# Christchurch - schools



## Ramjet2012 (Oct 3, 2012)

I read somewhere that there are some schools that might be closing down in Christchurch ... Why is this?


----------



## Chc (May 16, 2012)

Ramjet2012 said:


> I read somewhere that there are some schools that might be closing down in Christchurch ... Why is this?

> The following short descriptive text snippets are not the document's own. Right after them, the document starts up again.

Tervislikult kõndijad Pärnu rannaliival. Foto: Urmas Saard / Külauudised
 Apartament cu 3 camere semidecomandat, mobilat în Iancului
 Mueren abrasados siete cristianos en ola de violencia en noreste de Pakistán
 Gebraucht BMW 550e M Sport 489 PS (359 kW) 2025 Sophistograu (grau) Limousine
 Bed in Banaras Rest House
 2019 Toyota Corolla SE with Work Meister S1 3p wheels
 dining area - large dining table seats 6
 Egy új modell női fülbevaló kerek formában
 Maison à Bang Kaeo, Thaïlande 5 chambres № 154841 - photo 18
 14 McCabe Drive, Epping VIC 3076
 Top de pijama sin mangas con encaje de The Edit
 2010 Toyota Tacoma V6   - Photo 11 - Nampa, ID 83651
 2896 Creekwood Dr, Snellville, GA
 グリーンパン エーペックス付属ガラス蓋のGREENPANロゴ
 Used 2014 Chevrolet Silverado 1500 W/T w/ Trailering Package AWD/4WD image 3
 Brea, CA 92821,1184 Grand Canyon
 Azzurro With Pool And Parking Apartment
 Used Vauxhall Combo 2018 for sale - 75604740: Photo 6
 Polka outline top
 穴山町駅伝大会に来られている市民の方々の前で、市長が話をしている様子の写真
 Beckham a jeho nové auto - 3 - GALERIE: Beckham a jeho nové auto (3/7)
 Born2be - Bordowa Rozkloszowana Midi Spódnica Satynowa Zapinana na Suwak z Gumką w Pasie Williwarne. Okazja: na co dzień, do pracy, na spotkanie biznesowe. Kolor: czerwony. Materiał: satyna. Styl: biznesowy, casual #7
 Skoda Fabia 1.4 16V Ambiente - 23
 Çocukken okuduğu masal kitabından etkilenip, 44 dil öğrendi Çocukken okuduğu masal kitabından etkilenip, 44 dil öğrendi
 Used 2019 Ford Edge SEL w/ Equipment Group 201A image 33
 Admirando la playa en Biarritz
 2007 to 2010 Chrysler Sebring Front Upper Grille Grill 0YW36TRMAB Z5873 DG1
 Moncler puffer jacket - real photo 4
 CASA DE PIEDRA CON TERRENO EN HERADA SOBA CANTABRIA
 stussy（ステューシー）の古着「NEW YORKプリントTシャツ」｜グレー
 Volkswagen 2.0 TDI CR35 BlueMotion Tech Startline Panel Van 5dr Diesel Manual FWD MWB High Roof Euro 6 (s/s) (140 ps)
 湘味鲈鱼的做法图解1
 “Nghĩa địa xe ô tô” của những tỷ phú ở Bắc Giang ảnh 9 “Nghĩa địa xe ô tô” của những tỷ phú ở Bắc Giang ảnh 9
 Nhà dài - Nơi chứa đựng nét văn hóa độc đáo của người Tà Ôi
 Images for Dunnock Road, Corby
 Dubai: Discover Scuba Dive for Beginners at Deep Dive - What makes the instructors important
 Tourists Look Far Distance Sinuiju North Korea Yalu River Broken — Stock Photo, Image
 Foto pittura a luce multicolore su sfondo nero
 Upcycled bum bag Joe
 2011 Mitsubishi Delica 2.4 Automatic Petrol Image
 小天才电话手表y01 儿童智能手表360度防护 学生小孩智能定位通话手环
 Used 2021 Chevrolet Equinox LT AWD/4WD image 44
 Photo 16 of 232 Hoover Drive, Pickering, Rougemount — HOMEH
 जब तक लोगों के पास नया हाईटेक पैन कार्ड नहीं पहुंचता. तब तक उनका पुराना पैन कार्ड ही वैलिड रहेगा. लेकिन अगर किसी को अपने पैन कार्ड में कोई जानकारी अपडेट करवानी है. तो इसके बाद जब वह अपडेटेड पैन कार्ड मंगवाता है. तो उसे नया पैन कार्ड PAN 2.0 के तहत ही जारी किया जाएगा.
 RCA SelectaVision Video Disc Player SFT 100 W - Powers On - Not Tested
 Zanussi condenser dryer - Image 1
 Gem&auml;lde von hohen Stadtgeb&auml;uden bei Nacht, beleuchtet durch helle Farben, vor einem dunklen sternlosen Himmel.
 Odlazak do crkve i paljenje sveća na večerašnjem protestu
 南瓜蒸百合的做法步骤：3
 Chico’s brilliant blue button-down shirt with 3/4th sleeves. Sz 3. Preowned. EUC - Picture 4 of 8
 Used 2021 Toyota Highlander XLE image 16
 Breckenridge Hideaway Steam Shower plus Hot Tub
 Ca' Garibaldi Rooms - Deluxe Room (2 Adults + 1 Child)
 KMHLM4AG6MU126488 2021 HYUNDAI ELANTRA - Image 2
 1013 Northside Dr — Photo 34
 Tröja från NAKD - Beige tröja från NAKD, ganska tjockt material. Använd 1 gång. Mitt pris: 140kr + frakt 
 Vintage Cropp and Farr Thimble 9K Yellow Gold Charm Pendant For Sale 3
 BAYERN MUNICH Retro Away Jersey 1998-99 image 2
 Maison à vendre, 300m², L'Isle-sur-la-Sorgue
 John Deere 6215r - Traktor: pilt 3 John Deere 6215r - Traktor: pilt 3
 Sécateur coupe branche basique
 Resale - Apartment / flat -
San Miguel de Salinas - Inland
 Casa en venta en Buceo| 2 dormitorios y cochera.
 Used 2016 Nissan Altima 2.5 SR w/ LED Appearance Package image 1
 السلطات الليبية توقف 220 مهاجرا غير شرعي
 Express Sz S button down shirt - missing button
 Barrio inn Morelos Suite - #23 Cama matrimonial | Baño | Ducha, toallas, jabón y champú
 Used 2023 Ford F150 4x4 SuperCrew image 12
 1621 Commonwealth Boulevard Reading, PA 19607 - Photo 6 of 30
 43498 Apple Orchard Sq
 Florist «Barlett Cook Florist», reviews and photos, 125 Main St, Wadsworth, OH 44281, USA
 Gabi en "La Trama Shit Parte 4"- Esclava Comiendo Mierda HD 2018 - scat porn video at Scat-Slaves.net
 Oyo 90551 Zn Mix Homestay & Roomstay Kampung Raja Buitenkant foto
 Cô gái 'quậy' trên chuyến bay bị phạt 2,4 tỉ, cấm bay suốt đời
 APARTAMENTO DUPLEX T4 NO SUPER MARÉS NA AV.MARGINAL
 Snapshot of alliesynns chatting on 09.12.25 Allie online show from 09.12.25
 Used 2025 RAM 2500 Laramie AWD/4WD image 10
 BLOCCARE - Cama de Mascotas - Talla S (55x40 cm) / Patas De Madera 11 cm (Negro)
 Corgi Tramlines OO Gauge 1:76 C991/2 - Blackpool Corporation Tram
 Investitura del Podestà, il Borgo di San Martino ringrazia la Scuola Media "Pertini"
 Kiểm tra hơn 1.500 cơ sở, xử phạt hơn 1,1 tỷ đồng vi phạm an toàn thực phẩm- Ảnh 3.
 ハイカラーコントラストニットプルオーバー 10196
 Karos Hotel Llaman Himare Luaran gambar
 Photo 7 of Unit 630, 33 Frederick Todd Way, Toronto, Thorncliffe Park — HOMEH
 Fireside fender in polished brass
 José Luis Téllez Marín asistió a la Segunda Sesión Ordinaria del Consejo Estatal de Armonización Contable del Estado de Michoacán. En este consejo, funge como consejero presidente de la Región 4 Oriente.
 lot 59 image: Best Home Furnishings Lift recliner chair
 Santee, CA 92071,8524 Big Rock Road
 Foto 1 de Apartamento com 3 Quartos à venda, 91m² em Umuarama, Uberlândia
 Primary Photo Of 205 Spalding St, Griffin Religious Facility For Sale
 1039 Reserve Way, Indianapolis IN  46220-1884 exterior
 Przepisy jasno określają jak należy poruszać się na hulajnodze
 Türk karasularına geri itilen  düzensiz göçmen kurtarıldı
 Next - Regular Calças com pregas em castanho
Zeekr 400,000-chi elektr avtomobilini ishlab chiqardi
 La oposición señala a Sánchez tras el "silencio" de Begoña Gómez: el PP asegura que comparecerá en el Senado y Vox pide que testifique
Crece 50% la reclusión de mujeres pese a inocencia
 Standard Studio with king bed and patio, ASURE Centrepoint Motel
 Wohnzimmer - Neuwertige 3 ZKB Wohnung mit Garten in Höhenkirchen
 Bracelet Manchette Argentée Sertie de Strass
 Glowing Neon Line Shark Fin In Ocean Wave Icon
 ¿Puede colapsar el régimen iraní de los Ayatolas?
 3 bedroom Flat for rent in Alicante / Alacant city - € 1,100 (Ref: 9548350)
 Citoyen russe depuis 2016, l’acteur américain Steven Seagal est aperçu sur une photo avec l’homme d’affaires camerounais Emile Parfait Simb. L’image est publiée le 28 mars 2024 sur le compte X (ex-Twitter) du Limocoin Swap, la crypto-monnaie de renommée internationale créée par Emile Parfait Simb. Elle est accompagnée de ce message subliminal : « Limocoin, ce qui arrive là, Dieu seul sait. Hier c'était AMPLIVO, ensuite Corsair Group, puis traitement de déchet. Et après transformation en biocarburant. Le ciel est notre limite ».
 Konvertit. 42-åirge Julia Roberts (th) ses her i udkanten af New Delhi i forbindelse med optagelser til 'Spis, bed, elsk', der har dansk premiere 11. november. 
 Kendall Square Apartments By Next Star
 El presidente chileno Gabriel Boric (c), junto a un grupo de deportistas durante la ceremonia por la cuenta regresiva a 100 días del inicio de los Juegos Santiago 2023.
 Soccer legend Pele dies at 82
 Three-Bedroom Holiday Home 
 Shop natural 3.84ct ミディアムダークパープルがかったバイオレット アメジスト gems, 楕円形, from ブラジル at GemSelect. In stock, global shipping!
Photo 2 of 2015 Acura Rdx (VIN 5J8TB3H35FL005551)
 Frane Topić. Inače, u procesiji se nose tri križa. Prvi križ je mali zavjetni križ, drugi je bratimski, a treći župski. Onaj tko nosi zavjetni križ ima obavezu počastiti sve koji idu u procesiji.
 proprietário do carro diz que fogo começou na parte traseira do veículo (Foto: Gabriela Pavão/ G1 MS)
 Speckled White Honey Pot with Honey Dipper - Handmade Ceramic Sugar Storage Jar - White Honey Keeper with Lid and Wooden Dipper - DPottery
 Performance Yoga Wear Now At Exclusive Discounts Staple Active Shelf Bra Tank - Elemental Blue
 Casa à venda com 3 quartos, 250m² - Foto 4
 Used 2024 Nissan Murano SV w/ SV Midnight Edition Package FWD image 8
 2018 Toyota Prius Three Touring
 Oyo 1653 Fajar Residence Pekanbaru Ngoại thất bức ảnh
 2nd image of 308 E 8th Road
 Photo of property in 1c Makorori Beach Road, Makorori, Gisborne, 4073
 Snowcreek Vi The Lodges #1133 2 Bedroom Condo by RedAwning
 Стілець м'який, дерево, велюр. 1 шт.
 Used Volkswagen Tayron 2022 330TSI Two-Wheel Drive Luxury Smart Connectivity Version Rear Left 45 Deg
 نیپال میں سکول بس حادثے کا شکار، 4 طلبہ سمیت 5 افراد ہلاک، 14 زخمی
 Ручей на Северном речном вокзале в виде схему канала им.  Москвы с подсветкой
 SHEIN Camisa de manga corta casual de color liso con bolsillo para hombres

Due to the earthquake a number of people in the city have moved either within Christchurch or out completely... Because of the changing school role numbers and the cost of fixing the classrooms they have decided to consolidate a number of schools.


----------



## Ramjet2012 (Oct 3, 2012)

Thank you. We are looking at re-locating to Christchurch next year. We have 2 kids age 6 and 9. Starting to do research about schools. Any areas good?


----------



## bhullo (Dec 28, 2010)

Hi go to the nz government website and will give you decile ratings the higher the number the better socio economic group you can also get the schools report off the web bit like the ofqual reports in the uk 
Hope this helps


----------



## Chc (May 16, 2012)

Yes, I agree with bhullo - the general 'decile' rating will give you an indication of school - check out List of schools in Christchurch - Wikipedia, the free encyclopedia. You can also check out the national standards results online at School Report - Search which report on student achievement in Reading, Writing and Mathematics.

You can then read a school's ERO report Home - Education Review Office (Educational Review Office) which should give you an insight into the school.


----------



## Ramjet2012 (Oct 3, 2012)

Thanks. Will do.


----------